Спасти СССР (СИ) - Афанасьев Александр. Страница 21

Мамардашвили сейчас изучает культуру Вены до Первой мировой и искренне считает, что единственный шанс для Грузии и других республик цивилизоваться – это выйти из состава СССР. Но он не понимает, что это путь не к цивилизации, а наоборот к одичанию. Что только в большой стране, возможно то существование интеллигенции, и тот объем интеллектуальной работы, который проделывается сейчас. После развала денег на науку просто не будет, а на место культуры придет "Кто не скачет тот москаль". Табор в центре столицы, именуемый майдан – это и есть самое что ни на есть наглядное выражение культурной деградации.

С этим надо бороться на уровне интеллигенции, придумывать новые смыслы, говорить с людьми, разъяснять – без этого все остальное, как укрепление армии, появление единой, общесоюзной политики – это все будет впустую.

Поймет ли меня Мераб Мамардашвили? Не знаю.
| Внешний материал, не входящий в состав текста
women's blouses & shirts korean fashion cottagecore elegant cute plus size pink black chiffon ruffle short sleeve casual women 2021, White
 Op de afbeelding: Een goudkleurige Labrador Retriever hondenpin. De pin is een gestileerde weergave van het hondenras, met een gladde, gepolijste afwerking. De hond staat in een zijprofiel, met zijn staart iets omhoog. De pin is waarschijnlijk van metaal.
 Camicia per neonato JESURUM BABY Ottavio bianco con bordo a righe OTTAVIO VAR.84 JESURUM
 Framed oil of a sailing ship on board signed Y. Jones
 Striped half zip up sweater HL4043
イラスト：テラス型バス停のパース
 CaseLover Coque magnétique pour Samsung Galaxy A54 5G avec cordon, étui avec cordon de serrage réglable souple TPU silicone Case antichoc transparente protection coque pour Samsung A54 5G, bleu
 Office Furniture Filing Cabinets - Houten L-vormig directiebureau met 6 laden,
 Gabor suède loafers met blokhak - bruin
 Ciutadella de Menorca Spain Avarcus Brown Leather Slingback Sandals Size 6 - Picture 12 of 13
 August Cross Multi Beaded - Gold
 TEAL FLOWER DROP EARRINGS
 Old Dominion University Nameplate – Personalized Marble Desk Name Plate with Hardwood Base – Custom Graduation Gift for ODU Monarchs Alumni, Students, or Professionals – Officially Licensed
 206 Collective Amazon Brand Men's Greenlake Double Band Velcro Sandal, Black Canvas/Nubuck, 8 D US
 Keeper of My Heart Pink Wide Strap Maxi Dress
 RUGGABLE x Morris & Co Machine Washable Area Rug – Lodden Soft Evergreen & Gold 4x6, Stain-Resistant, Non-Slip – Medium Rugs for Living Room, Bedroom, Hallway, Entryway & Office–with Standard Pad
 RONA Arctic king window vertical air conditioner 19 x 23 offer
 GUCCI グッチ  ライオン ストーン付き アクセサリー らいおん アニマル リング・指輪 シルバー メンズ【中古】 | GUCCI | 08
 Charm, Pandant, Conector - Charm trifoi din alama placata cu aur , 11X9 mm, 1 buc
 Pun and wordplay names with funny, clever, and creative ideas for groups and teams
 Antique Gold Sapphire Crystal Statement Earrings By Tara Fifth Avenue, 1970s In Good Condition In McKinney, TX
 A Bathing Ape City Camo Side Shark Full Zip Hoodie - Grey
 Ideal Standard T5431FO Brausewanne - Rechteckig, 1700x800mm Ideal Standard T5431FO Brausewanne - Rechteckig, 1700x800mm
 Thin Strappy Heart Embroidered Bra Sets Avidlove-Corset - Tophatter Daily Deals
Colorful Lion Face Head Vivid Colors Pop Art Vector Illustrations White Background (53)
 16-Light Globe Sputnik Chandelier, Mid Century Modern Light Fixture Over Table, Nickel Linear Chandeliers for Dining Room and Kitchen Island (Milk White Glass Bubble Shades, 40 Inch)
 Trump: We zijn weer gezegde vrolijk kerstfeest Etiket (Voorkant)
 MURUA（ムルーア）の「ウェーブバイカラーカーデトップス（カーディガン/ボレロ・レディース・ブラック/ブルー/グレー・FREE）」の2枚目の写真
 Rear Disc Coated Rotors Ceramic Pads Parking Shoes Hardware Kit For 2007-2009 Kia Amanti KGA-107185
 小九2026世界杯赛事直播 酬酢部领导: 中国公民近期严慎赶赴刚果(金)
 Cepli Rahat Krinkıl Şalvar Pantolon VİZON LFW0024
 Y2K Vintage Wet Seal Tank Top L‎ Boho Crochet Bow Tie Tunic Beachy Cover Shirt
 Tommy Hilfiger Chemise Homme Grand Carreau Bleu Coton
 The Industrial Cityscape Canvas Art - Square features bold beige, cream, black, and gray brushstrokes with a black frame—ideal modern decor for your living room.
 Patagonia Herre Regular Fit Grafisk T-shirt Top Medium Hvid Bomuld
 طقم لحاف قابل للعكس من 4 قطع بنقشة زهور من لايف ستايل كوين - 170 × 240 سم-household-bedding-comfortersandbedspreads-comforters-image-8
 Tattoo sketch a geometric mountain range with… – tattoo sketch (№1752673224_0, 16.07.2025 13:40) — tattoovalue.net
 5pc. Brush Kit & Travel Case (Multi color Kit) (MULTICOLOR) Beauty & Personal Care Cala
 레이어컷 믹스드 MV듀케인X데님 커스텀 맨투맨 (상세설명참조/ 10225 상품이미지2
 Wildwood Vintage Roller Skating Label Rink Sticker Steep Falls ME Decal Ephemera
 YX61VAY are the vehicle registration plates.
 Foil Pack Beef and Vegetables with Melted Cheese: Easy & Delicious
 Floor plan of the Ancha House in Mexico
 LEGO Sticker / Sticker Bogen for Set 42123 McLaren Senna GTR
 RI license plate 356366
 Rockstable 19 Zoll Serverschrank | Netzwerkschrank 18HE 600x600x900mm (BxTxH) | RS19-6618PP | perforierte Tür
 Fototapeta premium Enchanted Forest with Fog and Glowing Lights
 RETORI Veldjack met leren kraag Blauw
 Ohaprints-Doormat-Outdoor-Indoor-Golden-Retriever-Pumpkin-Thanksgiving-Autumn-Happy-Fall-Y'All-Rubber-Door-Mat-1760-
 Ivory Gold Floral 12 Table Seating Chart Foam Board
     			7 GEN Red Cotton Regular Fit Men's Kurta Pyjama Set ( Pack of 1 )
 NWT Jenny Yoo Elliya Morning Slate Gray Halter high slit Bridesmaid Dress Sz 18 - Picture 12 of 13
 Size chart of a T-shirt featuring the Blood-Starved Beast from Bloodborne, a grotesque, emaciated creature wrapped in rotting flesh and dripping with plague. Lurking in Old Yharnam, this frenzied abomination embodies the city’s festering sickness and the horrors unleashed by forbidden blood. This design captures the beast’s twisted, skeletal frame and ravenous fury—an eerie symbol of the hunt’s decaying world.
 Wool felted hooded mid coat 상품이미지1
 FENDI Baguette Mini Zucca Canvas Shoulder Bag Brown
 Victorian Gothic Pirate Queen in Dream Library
Но попытаться я должен.

Москва,

Центральная клиническая больница

Четвёртого главного управления при Министерстве здравоохранения СССР

22 февраля 1985 года

А в это время – в Центральной клинической больнице, под неусыпным надзором врачей – медленно умирал человек. Он знал что он умирает и осталось недолго. Не знал он того что вместе с ним – умирает и целая эпоха.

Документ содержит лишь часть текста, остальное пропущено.